There are newer versions of the JPEG specification. They define new forms of image compression that can generally give a better trade off between file size and image quality--your choice of the same quality with a smaller file, or better quality with roughly the same file size. They also support higher color resolution (e.g., 16 bits per channel and floating point formats to support high dynamic range). From a technical perspective, they're extremely attractive. The big disadvantage is that not nearly as many programs know how to read, display, manipulate, or write them.



Like TIFF, HEIF is really a container format, which can contain images encoded with various methods (primarily h.265, but also h.264 and JPEG). It provides a better ratio of quality to file size than the original JPEG. Like TIFF (or GIF) you can package a whole sequence of pictures into a single file. Although there was considerable fanfare when HEIF was introduced in 2014, with many proclamations about how it was going to finally be the format that killed JPEG, most of the excitement seems to have fizzled without its displacing JPEG to any significant degree.

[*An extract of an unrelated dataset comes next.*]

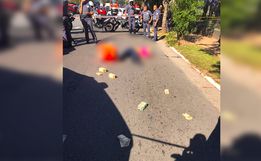 VÍDEO: Imagens mostram momento que criminoso é baleado em SP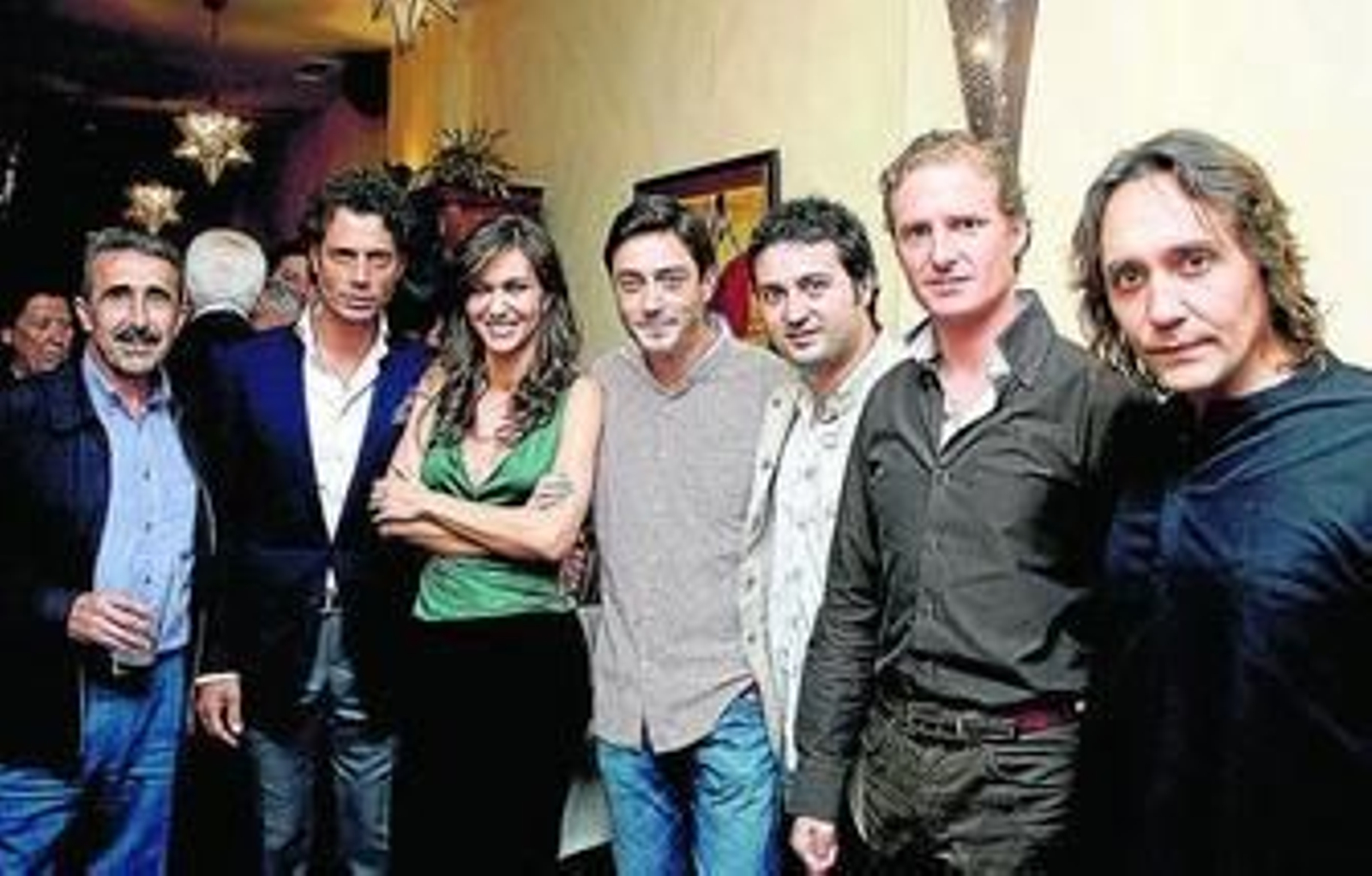 Finito y Moreno, en el restaurante Alma, en el que también estuvo Vicente Amigo, a la derecha.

BPG is a format designed by the ever-prolific programmer Fabrice Bellard. It's similar to HEIF in basically being a container for an image encoded with h.265. The wrapper is a bit different, however, so the two aren't compatible with each other. From a photographic viewpoint, however, BPG has a fairly significant advantage: it directly supports embedding EXIF data into the image file.



Although what we normally think of as JPEG is lossy, the JPEG specifications define file formats that use lossless compression as well. Since the compression is lossless, they don't usually produce nearly as small of files as normal JPEG compression can, but they actually do really well for lossless compression--much better than general-purpose compression like LZW or Huffman encoding normally even hope for on photographs. Like JPEG 2000 and JPEG XR, these work well, but suffer from lack of support.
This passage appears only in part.